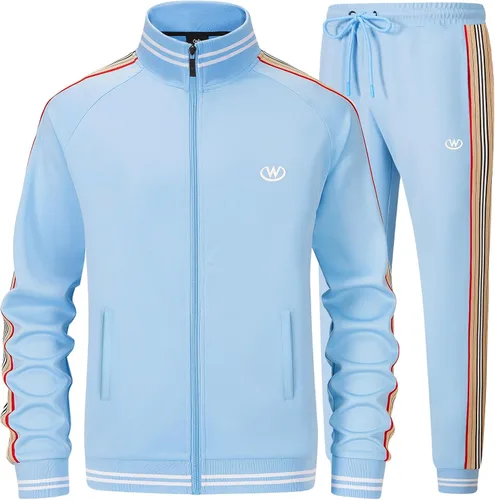 Vista 2 de W JIANWANG Conjunto de chándal para hombre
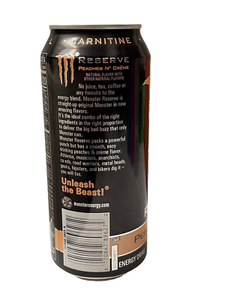 Monster US Edición Limitada Pre-Gym Power 16oz Reserva Bebida Energética a Granel Sabor Melocotones N' Creme Listo para Usar 24 Días de Vida Útil - Product Image 6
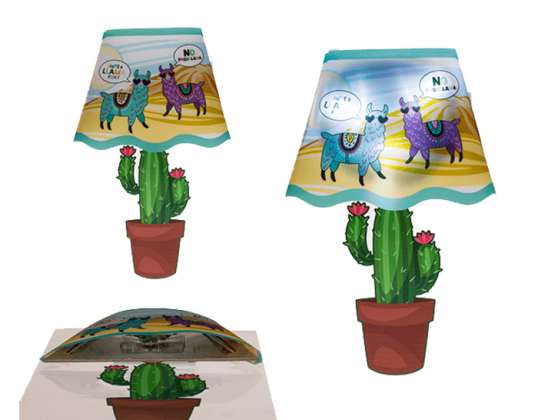 Plastic Wall Sticker Llama &amp; Cactus, ca. 31 x 18,5 cm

Task requirements -
Transcribe exactly, and without any pictures, each line from the one that holds "Monster US Edición" through the final line of the material above.

Answer space -
 Monster US Edición Limitada Pre-Gym Power 16oz Reserva Bebida Energética a Granel Sabor Melocotones N' Creme Listo para Usar 24 Días de Vida Útil - Product Image 6
 Plastic Wall Sticker Llama &amp; Cactus, ca. 31 x 18,5 cm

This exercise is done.